Sebuah teka teki! Elen harus memecahkannya. “Tempat untuk melihat matahari terbit dan tenggelam?” tanya Elen pada dirinya sendiri. Elen langsung bisa menebaknya. “Balkon kamar Eyang!” seru Elen.

Elen berlari dengan penuh semangat. Sesampainya di balkon, Elen melihat kartu lain yang juga diikatkan di pagar balkon dengan benang wol yang sama. Elen mengambilnya. Ada sebuah kalimat lain yang dituliskan di kartu itu. Bunyinya :

Barbie Ana sangat cantik. Pakaikan gaun warna hijau ya, gaun putihnya sudah kusam.
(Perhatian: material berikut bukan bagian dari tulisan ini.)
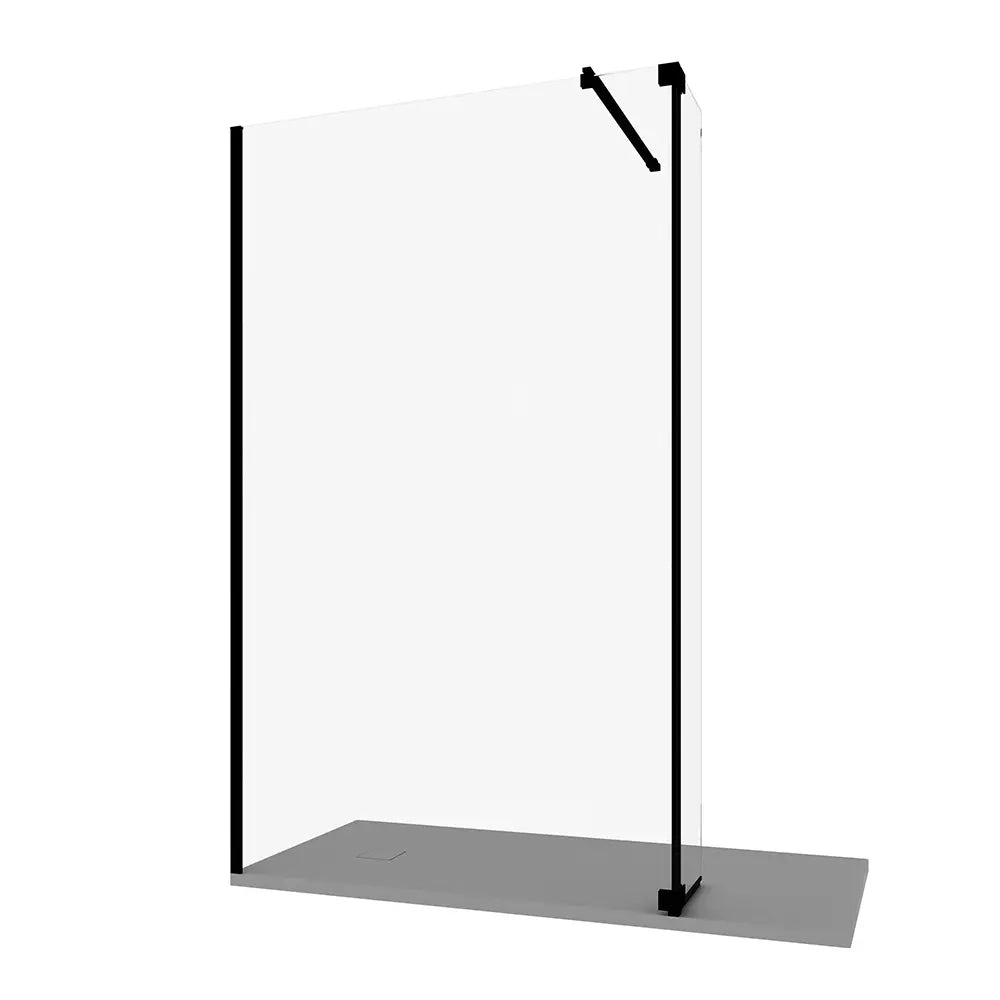 Doccia walk-in 130cm + anta 30cm vetro temperato anticalcare 10mm trasparente profili neri | Naxos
 “Barbie Ana? Apa maksudnya? Barbie milik Ana temanku?” Elen bertanya-tanya. Dia menebak-nebak. Ah! Bukan barbie milik Ana yang dimaksud eyang... tapi barbie hadiah dari eyang sewaktu Elen masih kecil. Elen menamai boneka itu Ana. Tapi dimana Ana sekarang? Elen sudah lama tidak memainkannya. Elen mencari kesana-kemari dan akhirnya menemukannya. Boneka itu ditaruh di lemari kaca ruang tamu. ‘Pasti Bunda yang menaruhnya disana...’ pikir Elen. Dia menarik sebuah kursi untuk mengambil boneka itu. Benar saja, baju putih Ana memang sudah kusam. Saat Elen akan memakaikan gaun hijaunya, ternyata di balik gaun itu, ada kartu juga. Disana tertulis :

            Bukankah senyum Uti itu indah?
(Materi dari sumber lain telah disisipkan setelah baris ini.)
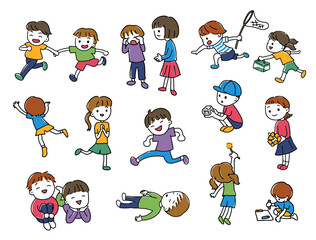 色々な子どもたちのセット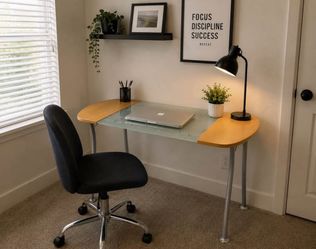 Modern Glass & Wood Desk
            ‘Senyum Uti memang indah... tapi apa ya?’ Elen berpikir keras. Petunjuk untuk menemukan tempat-tempat selanjutnya bertambah sulit. Elen butuh waktu agak lama untuk bisa memecahkannya. Dia menengok ke kiri, tidak sengaja melihat foto keluarga mereka. Semuanya tersenyum bahagia di foto itu. Tiba-tiba Elen mendapat sebuah ide. Senyuman uti bisa dilihat di sebuah foto. Elen teringat ada foto uti yang dipasang di kamar ayah dan bunda. Segera saja dia ke kamar itu dan menengok apa yang ada di dabik foto uti. Benar! Ada sebuah kartu disana. Tulisannya berbunyi :

            Sudah dekat! Sekarang pergilah ke tempat dimana semua kenangan disimpan... Dan kamu akan mendapatkan hadiah yang kamu inginkan!
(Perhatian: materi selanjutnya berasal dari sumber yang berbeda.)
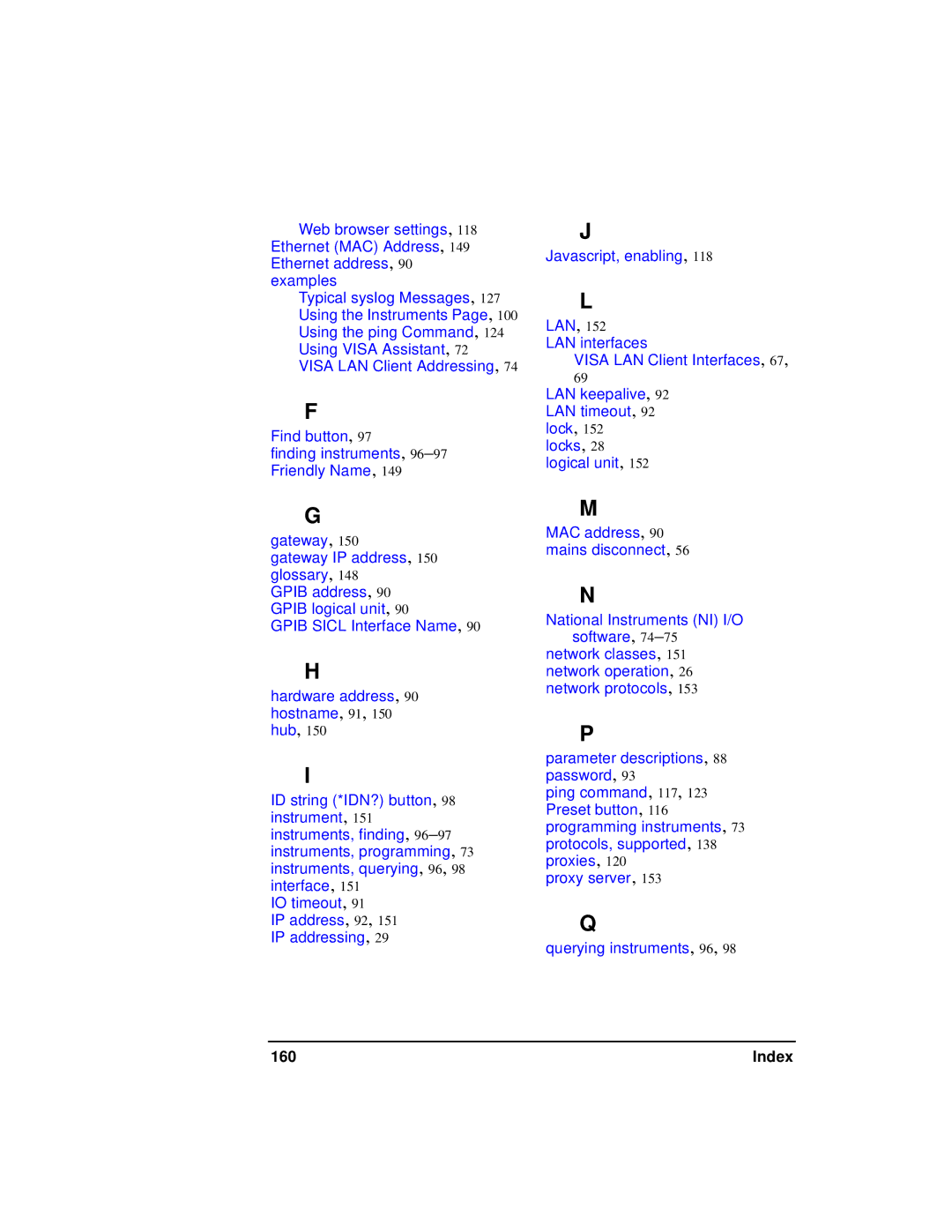 Agilent Technologies E5810A manual 160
            Elen melompat-lompat gembira. Perburuan harta karunnya sudah hampir selesai. Elen tahu jawaban dari teka-teki akhir ini. Elen berlari ke gudang, karena disnalah semua barang disimpan. Ternyata gudangnya sudah dibersihkan, dan hanya ada sebuah kotak kardus besar. Elen langsung membukanya. Di dalamnya ada sebuah buku. Buku itu berisi foto-foto keluarga. Ada juga foto Elen dari kecil hingga sekarang. Elen mulai menangis, memang benar ayah, bunda, eyang, uti, semuanya menyayanginya. Elen baru menyadarinya sekarang.

            Mulai hari itu juga, Elen tidak akan murung lagi. Dia sudah mengikhlaskan kepergian eyang. Elen janji untuk kembali ceria. Karena sekarang ada ayah dan bunda yang siap menemaninya kapanpun dia membutuhkan.